Exercise in exact copying: restate word for word only the lines below from the one containing "If you deploy" through the one containing "A resource has", omitting any pictures.

——————————

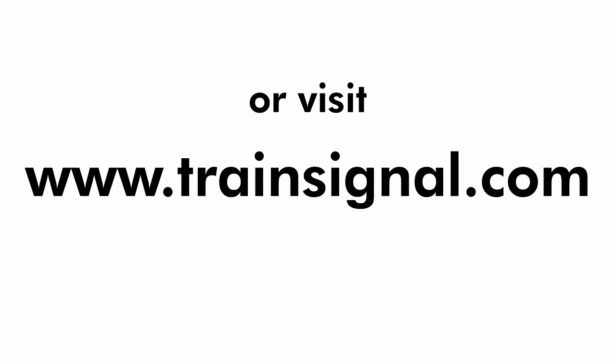For more information regarding our complete Microsoft Office training library.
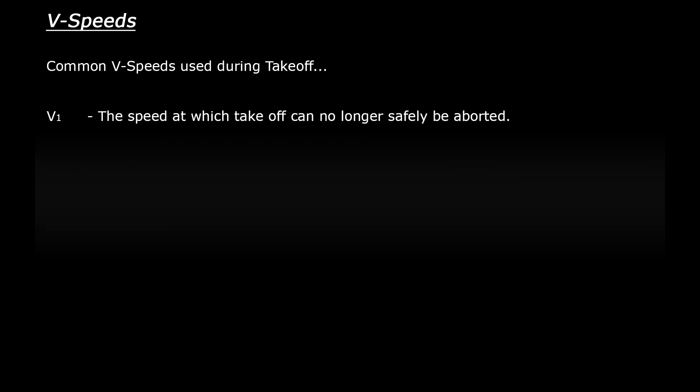VR or V-rotate. This is the speed at which the pilot lifts the nose wheel off the ground and pitches the plane up to lift off the runway.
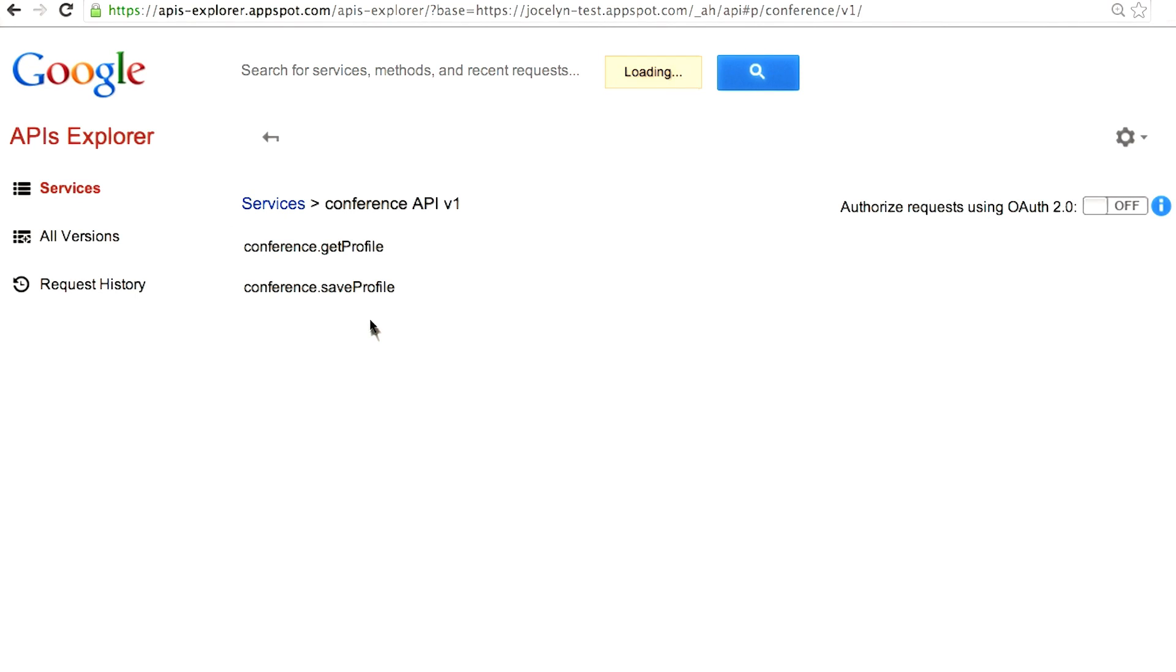If you deploy your application to AppSpot, you can explore the entities in the data store using the admin console. Let's take a quick demo of how to get there.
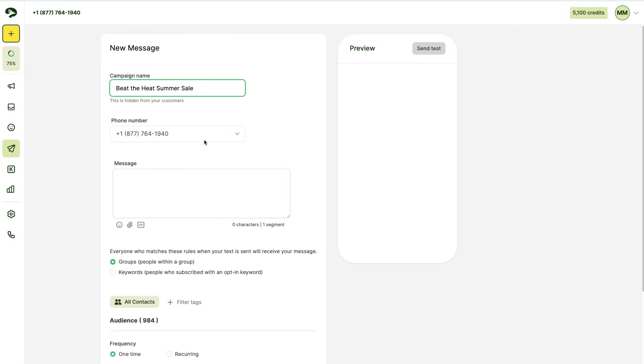Next, we're going to select what number you want this campaign to go from. Since this account only has one number, we're going to send it from this number. Next, you're going to fill out your message.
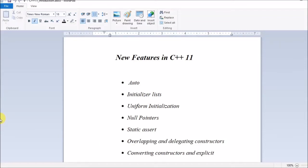Hi guys, I will be starting with the session on new features in C++ 11. I have divided this complete session into different parts, from part 1 to part 8.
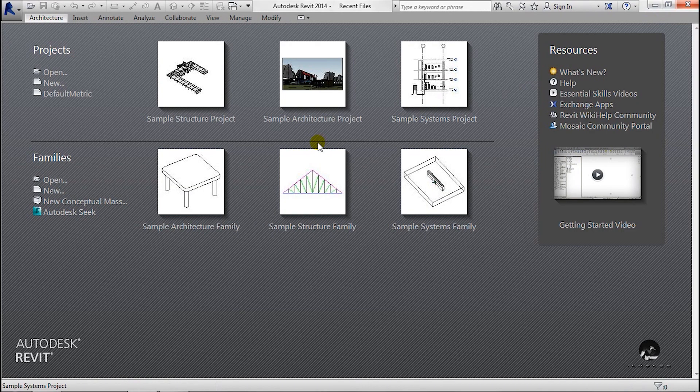Hi friends, welcome to Autodesk Revit Architecture Beginner's Guide. In the next video, we are going to cover the topic of levels.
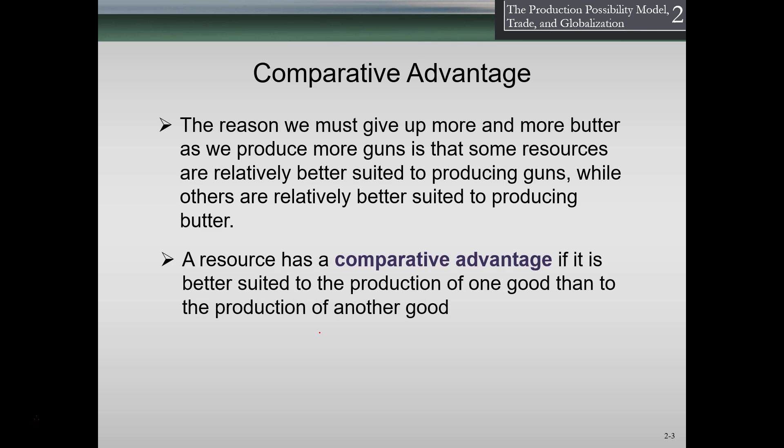A resource has a competitive advantage if it is better suited to production of one good than to the production of another. Note that the curve was somewhat symmetrical, but that's not always the case. If the two goods were asymmetrical — for example, if we happened to have really good farmland — then we could have a competitive advantage in producing butter over guns.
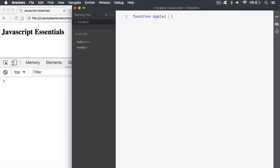We can pass in some parameters. We're creating a template here for our apples, but our apples can be placed at different positions, can be a different color, and can provide a different score to the user. So even though we're constructing a single Apple object from this constructor, the values are going to be different. I want them to be able to create objects on the fly that have different values — same template, but different values. So we need parameters: x, y, color, and score.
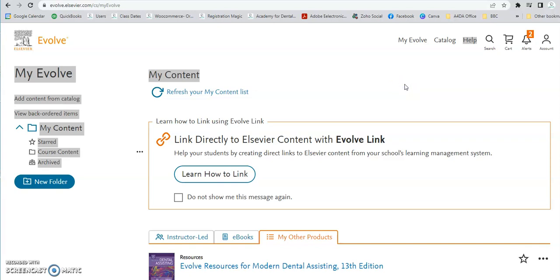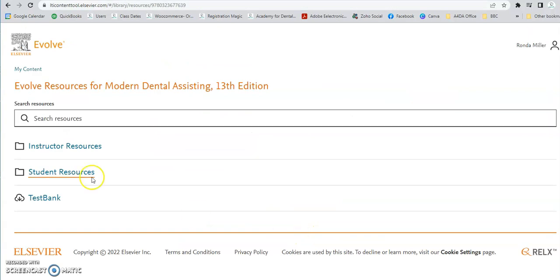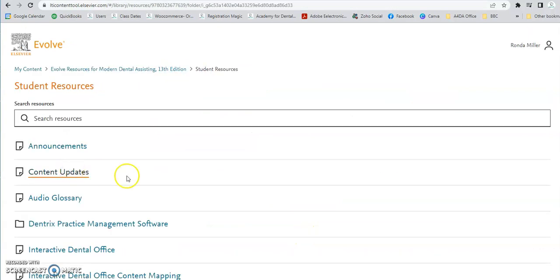To access your Evolve.com interactive dental office assignments, whether it be digital charting or mounting an FMX, you will log into your Evolve account that you set up at the beginning of the course. The directions are in the introduction section as well as the inside cover of your textbook. Log into your account, go to My Evolve, and you will have the Evolve resources sitting there. Select that, then select Student Resources.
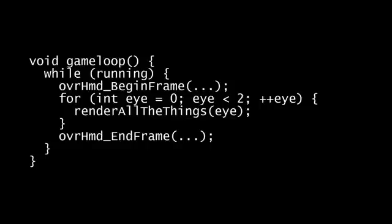But if your rendering code isn't fast enough, then you've got a problem. By the time you reach the end frame call, your time has already run out. The headset, having no new image to display, just continues displaying the previous frame, without time warping to account for any head movement.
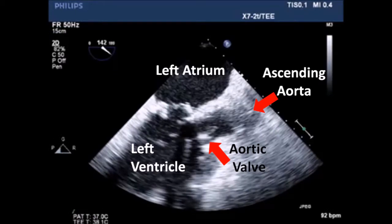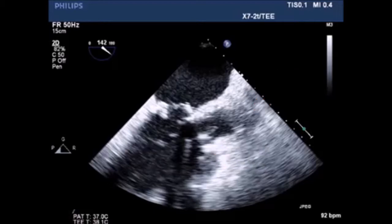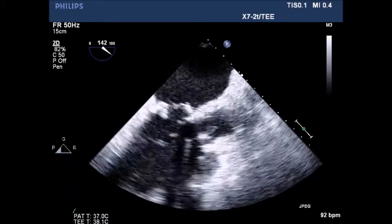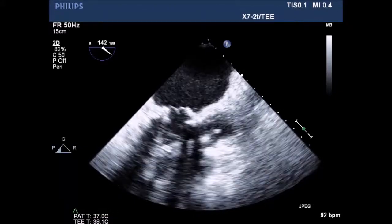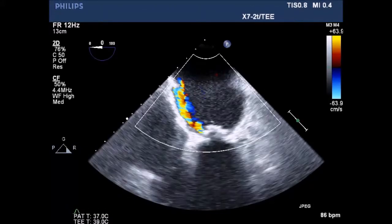A long axis view of the bioprosthetic aortic valve. There was some restriction on the right cusp, but no increased velocity and no significant gradient across the aortic valve.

——————————

* **Answer box**
If you deploy your application to AppSpot, you can explore the entities in the data store using the admin console. Let's take a quick demo of how to get there.
Next, we're going to select what number you want this campaign to go from. Since this account only has one number, we're going to send it from this number. Next, you're going to fill out your message.
Hi guys, I will be starting with the session on new features in C++ 11. I have divided this complete session into different parts, from part 1 to part 8.
Hi friends, welcome to Autodesk Revit Architecture Beginner's Guide. In the next video, we are going to cover the topic of levels.
A resource has a competitive advantage if it is better suited to production of one good than to the production of another. Note that the curve was somewhat symmetrical, but that's not always the case. If the two goods were asymmetrical — for example, if we happened to have really good farmland — then we could have a competitive advantage in producing butter over guns.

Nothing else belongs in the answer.